*Work request*. From the entries below, print exactly the span beginning with the line holding "Beagle dogs for" and ending with the line holding "Image of Gray", endpoints included, and skip any pictures.

Segment Start: Data supplied

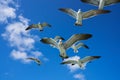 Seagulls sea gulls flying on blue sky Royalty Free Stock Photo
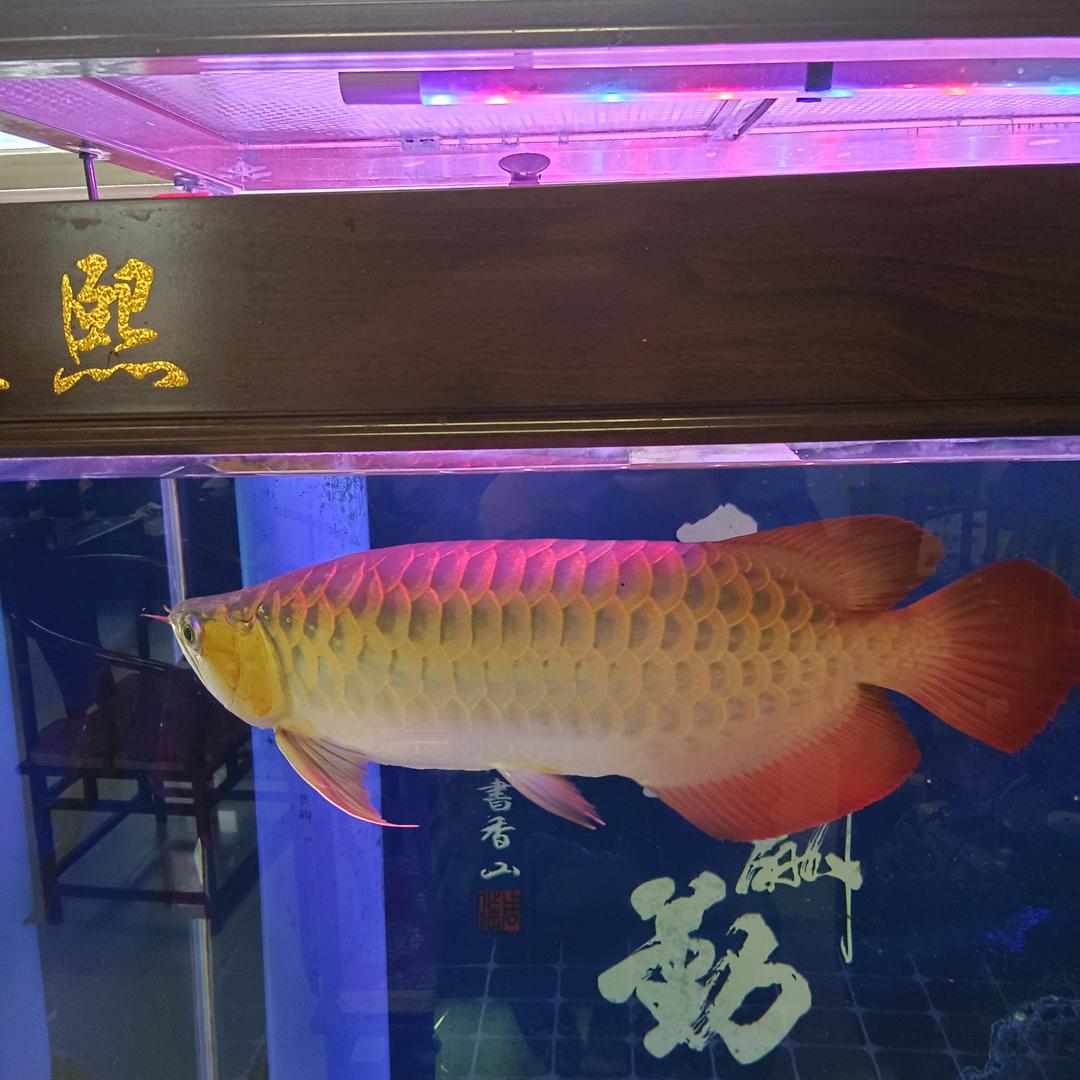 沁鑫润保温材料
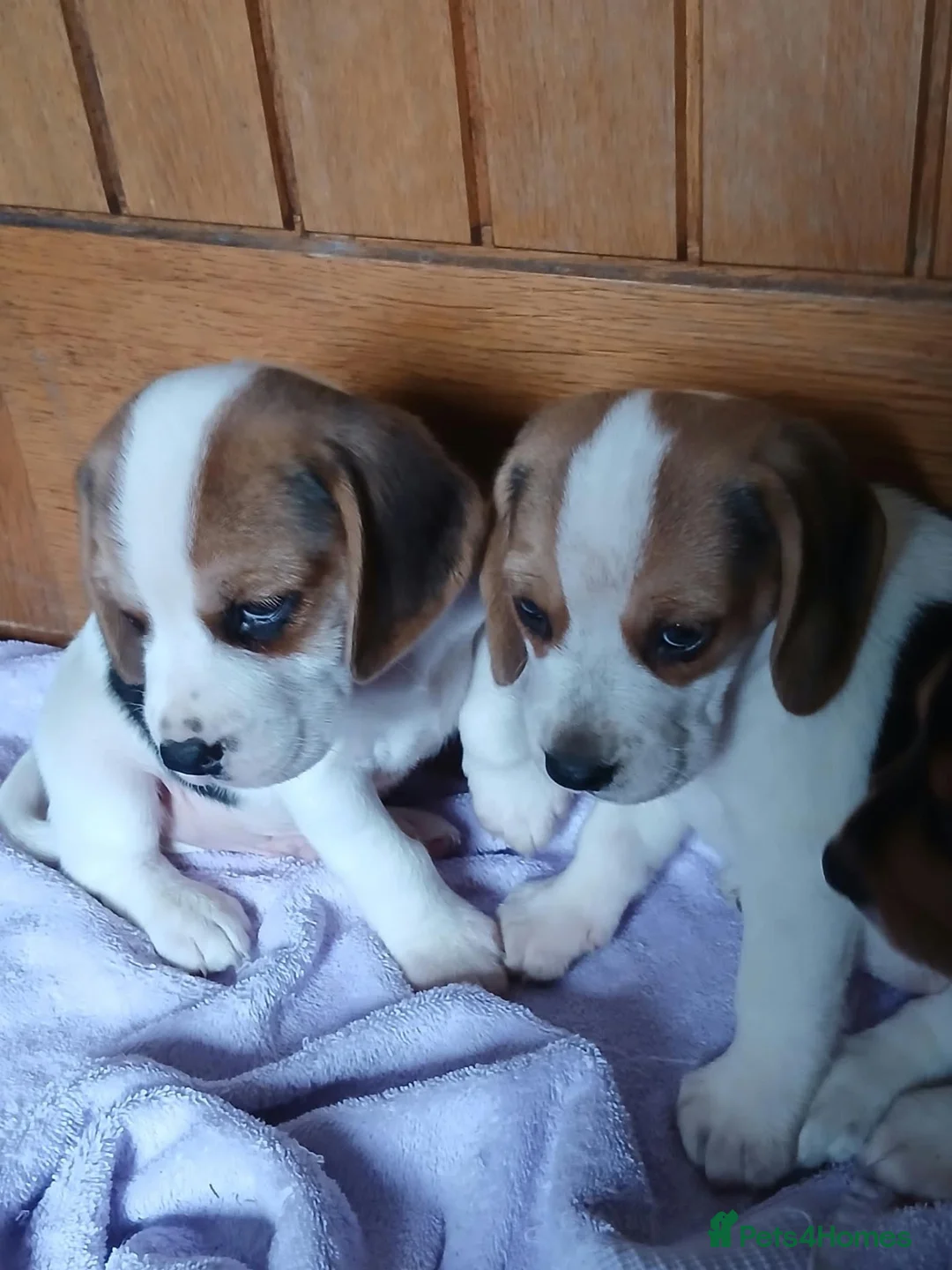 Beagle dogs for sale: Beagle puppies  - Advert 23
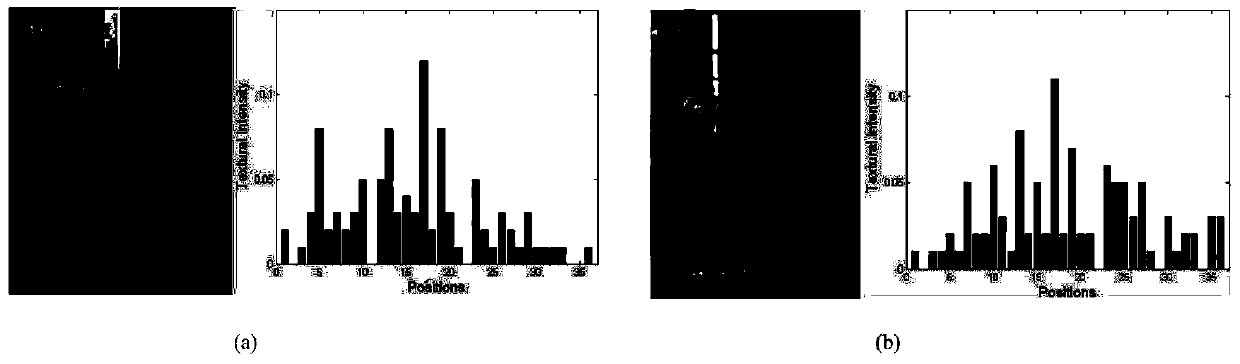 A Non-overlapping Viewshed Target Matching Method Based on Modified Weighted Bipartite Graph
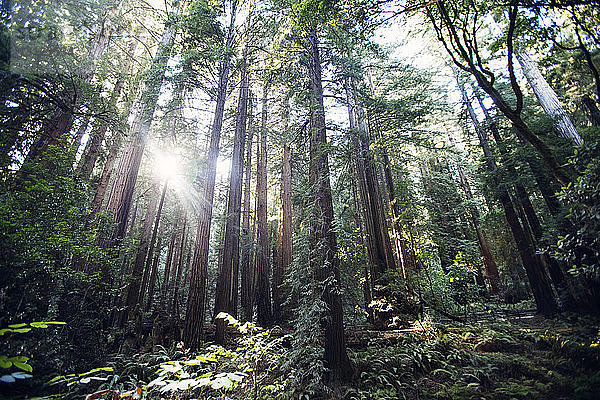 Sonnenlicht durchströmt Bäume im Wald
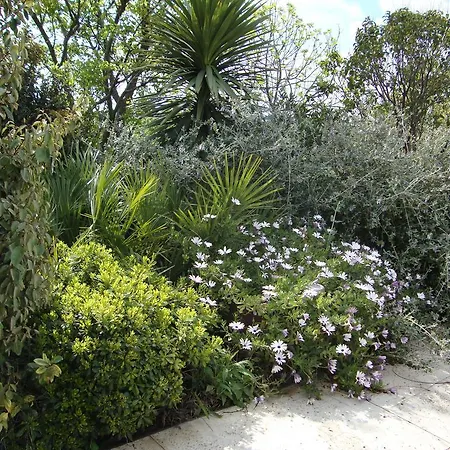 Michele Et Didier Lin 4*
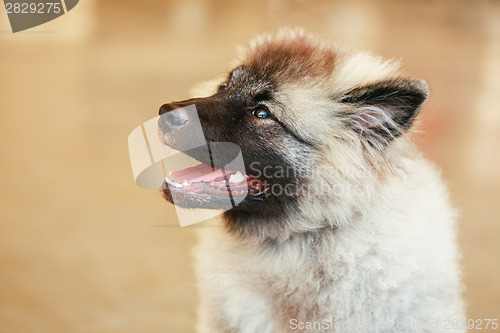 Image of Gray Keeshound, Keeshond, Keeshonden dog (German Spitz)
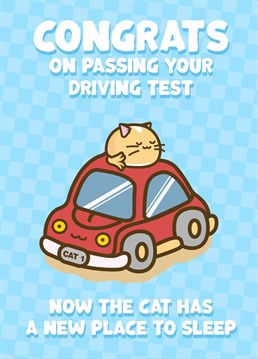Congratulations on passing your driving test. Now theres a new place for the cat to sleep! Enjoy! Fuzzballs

Segment End: Data supplied

*Exercise response*.
 Beagle dogs for sale: Beagle puppies  - Advert 23
 A Non-overlapping Viewshed Target Matching Method Based on Modified Weighted Bipartite Graph
 Sonnenlicht durchströmt Bäume im Wald
 Michele Et Didier Lin 4*
 Image of Gray Keeshound, Keeshond, Keeshonden dog (German Spitz)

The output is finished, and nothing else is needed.